5 Deployments and Code Promotion

Your work doesn’t matter if it never leaves your computer. You want your work to be useful, and it only becomes useful if you share it with the people and systems that matter. That requires putting it into production.

When it goes well, putting code into production is a low-drama affair. When it goes poorly, putting code into production is a time-consuming ordeal. That’s why putting code into production – deployment – is one of the primary concerns of DevOps best practices.

The DevOps way to deploy code is called CI/CD, which is short for Continuous Integration and Continuous Deployment and Continuous Delivery (yes, the CD stands for two different things). When implemented well, CI/CD eases the deployment process through a combination of good workflows and automation.

A few of the principles of CI/CD workflows include:

Central availability of source code, almost always in version control, that allows you to build the project from scratch.
Frequent and incremental additions to the production version of the code.
Automation for carrying out the actual deployment.
Automated testing on a pre-deployment version of the code.

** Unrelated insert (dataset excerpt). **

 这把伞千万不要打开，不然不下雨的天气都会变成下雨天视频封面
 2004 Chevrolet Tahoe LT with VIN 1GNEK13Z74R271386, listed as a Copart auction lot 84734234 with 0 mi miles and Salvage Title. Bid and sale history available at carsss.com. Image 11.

In this chapter, you’ll learn how to create a code promotion process to incorporate CI/CD principles and tools into your data science project deployments.

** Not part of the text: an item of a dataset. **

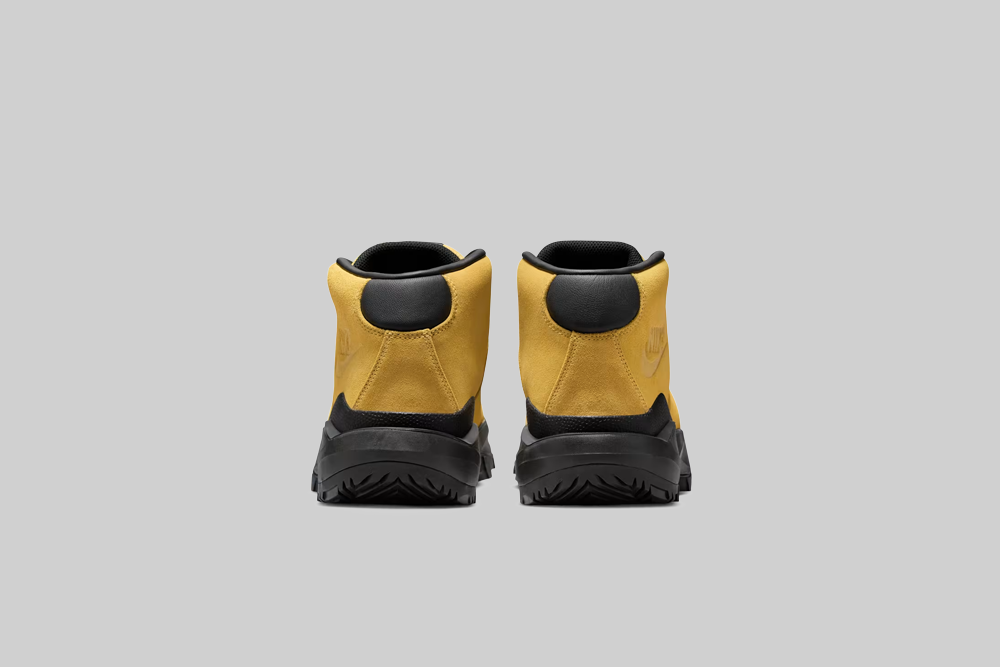 Nike Cygnal 'Solar Flare'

Separate the prod environment

CI/CD is all about quickly promoting code into production. It’s all too easy to mess up production if you don’t have a clear boundary between what is in production and what isn’t. That’s why software environments are often divided into dev, test, and prod.

Dev is the development environment where new work is produced, test is where the code is tested for performance, usability, and feature completeness; and prod is the production environment. Sometimes dev and test are collectively called the lower environments and prod the higher environment.

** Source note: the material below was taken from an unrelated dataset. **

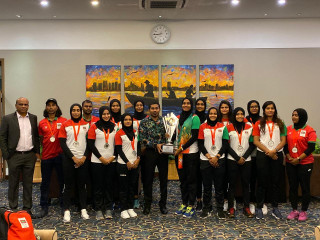 ރިހި މެޑަލް ހޯދި ގައުމީ އަންހެން ވޮލީ ޓީމަށް ހޫނު މަރުހަބާއެއް!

An app moving through dev, test, and prod environments.

While the dev/test/prod triad is the most traditional, some organizations have more than two lower environments and some have only dev and prod. That’s all fine. The number and configuration of lower environments should vary according to your organization’s needs. But, just as Tolstoy said about happy families, all prod environments are alike.

Some criteria that all good prod environments meet:

The environment is created using code. For data science, that means managing R and Python packages using environments as code tooling, as discussed in Chapter 1.
Changes happen via a promotion process. The process combines human approvals validating code is ready for production with automations to run tests and deploy.
Changes only happen via the promotion process. This means no manual changes to the environment or the active code in production.

Rules 1 and 2 tend to be easy to follow. It might even be fun to figure out how to create the environment with code and design a promotion process. But, the first time something breaks in your prod environment, you will be sorely tempted to violate rule 3. Please don’t do it.

Keeping a pristine prod environment is necessary if you want to run a data science project that becomes critical to your organization. When an issue arises, you must reproduce it in a lower environment before pushing changes through your promotion process. Keeping your environments in sync is crucial to reproduce prod issues in lower environments.

These guidelines for a prod environment look almost identical to guidelines for general-purpose software engineering. The divergent needs of data scientists and general-purpose software engineers show up in the composition of lower environments.

Dev and Test Environments

As a data scientist, dev means working in a lab environment like RStudio, Spyder, VS Code, or PyCharm and experimenting with the data. You’re slicing the data this way or that to see if anything meaningful emerges, creating plots to see if they are the right way to show off a finding, and checking whether certain features improve model performance. All this means it is impossible to work without real data.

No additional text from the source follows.